Why do I get an AttributeError when trying to use BeautifulSoup's `.find` to find text in a page?

Question:

I am trying to scrape a website with BeautifulSoup but am having a problem.
I was following a tutorial done in python 2.7 and it had exactly the same code in it and had no problems.

import urllib.request
from bs4 import *


htmlfile = urllib.request.urlopen("http://en.wikipedia.org/wiki/Steve_Jobs")

htmltext = htmlfile.read()

soup = BeautifulSoup(htmltext)
title = (soup.title.text)

body = soup.find("Born").findNext('td')
print (body.text)

If I try to run the program I get,

Traceback (most recent call last):
  File "C:UsersUSERDocumentsPython ProgramsWorld Population.py", line 13, in <module>
    body = soup.find("Born").findNext('p')
AttributeError: 'NoneType' object has no attribute 'findNext'

Is this a problem with python 3 or am i just too naive?

Asked By: user3247140

||

Answers:

The find and find_all methods do not search for arbitrary text in the document, they search for HTML tags. The documentation makes that clear (my italics):


Pass in a value for name and you’ll tell Beautiful Soup to only consider tags with certain names. Text strings will be ignored, as will tags whose names that don’t match. This is the simplest usage:

soup.find_all("title")
# [<title>The Dormouse's story</title>]

That’s why your soup.find("Born") is returning None and hence why it complains about NoneType (the type of None) having no findNext() method.

That page you reference contains (at the time this answer was written) eight copies of the word "born", none of which are tags.

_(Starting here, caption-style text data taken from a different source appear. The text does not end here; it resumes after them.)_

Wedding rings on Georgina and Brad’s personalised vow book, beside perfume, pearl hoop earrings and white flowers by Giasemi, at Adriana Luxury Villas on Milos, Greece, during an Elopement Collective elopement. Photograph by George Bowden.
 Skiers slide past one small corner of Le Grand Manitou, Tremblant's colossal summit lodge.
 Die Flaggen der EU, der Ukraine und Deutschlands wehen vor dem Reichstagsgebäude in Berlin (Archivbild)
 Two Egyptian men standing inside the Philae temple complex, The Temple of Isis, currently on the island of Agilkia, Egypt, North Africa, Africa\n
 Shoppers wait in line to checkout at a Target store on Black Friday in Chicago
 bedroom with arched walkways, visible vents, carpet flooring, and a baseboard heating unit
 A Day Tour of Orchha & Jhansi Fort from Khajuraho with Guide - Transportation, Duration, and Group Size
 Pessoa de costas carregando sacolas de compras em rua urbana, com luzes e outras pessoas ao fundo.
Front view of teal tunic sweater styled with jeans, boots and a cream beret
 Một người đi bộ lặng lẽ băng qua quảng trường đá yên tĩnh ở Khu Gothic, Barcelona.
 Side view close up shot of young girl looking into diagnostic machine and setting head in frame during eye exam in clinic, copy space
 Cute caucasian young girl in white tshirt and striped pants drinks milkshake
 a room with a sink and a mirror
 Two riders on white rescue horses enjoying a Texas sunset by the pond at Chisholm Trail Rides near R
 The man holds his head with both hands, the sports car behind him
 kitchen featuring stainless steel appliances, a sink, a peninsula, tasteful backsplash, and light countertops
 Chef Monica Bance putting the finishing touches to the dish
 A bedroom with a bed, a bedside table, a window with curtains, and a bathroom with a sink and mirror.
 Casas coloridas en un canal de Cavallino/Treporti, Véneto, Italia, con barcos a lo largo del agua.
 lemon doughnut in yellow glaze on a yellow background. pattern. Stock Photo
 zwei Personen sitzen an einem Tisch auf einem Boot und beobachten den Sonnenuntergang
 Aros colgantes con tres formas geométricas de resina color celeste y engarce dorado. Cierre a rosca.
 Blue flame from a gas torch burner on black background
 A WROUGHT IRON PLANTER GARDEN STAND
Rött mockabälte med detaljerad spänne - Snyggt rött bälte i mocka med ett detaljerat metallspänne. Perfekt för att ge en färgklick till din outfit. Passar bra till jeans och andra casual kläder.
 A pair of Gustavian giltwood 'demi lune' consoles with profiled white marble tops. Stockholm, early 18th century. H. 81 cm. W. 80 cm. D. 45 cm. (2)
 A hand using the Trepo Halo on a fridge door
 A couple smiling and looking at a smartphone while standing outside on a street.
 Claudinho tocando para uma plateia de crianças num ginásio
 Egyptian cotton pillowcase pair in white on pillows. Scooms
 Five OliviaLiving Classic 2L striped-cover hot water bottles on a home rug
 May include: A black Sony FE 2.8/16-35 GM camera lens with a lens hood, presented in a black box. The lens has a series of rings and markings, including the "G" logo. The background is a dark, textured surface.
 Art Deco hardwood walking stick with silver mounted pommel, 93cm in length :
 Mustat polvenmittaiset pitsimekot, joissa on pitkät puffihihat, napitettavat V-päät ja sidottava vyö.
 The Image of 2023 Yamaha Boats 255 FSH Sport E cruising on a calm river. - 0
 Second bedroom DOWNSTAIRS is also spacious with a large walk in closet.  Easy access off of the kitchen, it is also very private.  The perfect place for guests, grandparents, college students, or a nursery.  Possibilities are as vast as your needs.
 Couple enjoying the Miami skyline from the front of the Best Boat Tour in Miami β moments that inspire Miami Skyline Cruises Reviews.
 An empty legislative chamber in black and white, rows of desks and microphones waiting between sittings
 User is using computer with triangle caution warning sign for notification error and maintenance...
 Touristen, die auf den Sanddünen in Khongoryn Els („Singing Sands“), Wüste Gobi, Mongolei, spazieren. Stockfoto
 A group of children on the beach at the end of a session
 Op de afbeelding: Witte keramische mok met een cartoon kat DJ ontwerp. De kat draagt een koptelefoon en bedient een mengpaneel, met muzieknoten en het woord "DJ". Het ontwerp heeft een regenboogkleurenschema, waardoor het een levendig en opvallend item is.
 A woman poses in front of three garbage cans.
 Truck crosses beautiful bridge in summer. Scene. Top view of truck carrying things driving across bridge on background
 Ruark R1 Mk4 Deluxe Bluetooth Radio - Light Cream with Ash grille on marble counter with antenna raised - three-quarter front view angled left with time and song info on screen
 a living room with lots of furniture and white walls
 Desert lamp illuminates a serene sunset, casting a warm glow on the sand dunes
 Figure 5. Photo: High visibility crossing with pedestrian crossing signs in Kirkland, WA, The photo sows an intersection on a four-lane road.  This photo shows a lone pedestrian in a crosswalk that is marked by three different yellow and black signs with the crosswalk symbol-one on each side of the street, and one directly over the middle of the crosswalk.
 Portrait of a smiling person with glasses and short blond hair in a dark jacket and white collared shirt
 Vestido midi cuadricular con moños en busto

Looking at the HTML source for that page, you’ll find the best option may be to look for the correct span (formatted for readabilty):

<th scope="row" style="text-align: left;">Born</th>
<td>
    <span class="nickname">Steven Paul Jobs</span><br />
    <span style="display: none;">(<span class="bday">1955-02-24</span>)</span>February 24, 1955<br />
</td>
Answered By: paxdiablo

The find method looks for tags, not text. To find the name, birthday and birthplace, you would have to look up the span elements with the corresponding class name, and access the text attribute of that item:

import urllib.request
from bs4 import *


soup = BeautifulSoup(urllib.request.urlopen("http://en.wikipedia.org/wiki/Steve_Jobs"))
title = soup.title.text
name = soup.find('span', {'class': 'nickname'}).text
bday = soup.find('span', {'class': 'bday'}).text
birthplace = soup.find('span', {'class': 'birthplace'}).text

print(name)
print(bday)
print(birthplace)

Output:

Steven Paul Jobs
1955-02-24
San Francisco, California, US

PS: You don’t have to call read on urlopen, BS accept file-like objects.

Answered By: Steinar Lima